(Beginning of AVAILABLE DATA)

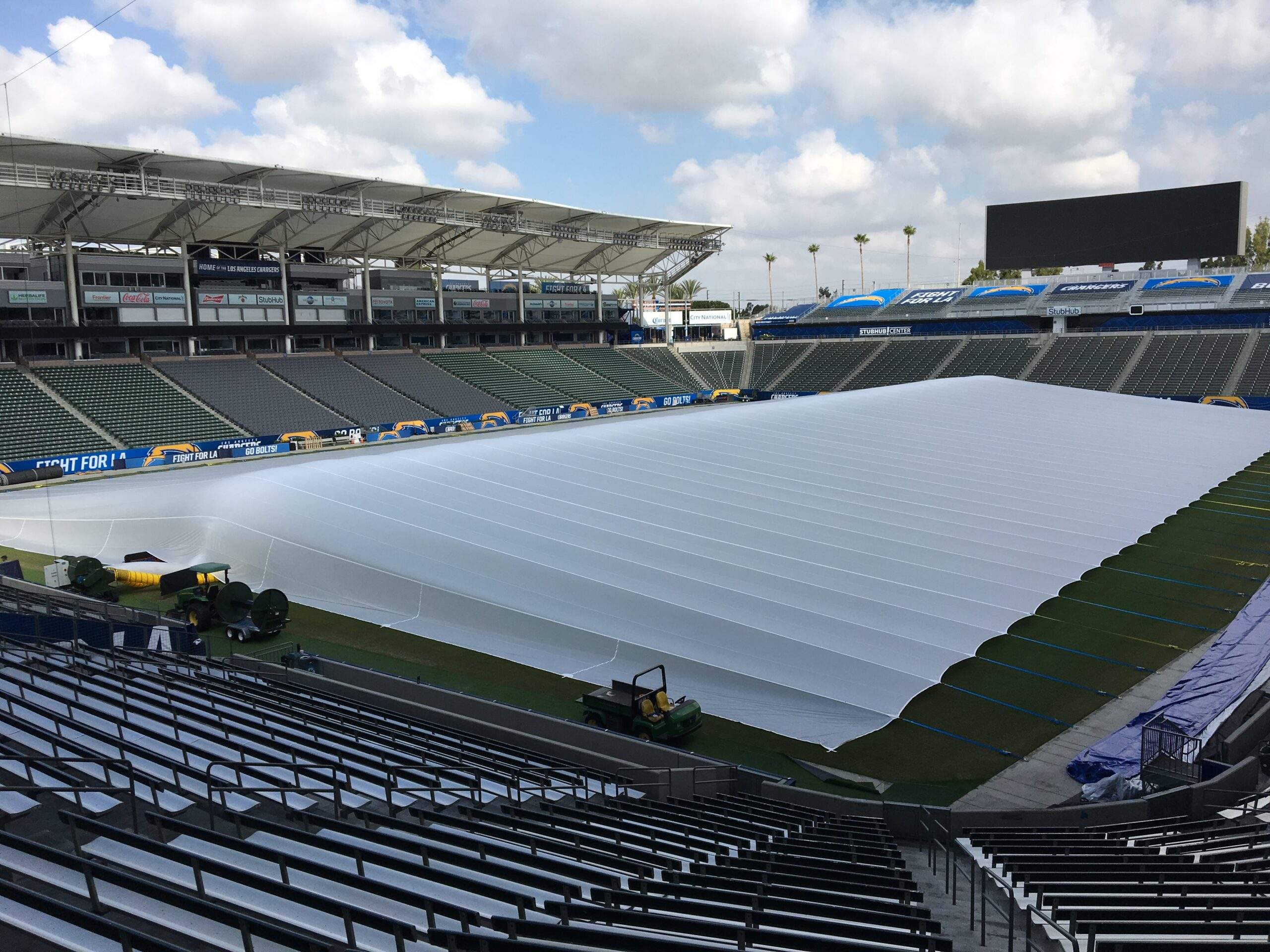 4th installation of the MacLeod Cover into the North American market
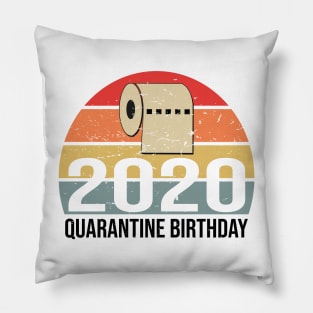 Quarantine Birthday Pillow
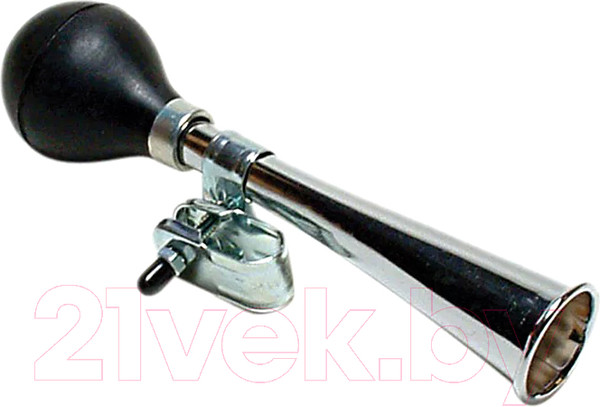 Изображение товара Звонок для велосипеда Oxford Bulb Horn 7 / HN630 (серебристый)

(End of AVAILABLE DATA)

INSTRUCTIONS FOR THE TASK
Except for the pictures, give the data again word for word.

WRITTEN REPLY
 4th installation of the MacLeod Cover into the North American market
 Quarantine Birthday Pillow
 Изображение товара Звонок для велосипеда Oxford Bulb Horn 7 / HN630 (серебристый)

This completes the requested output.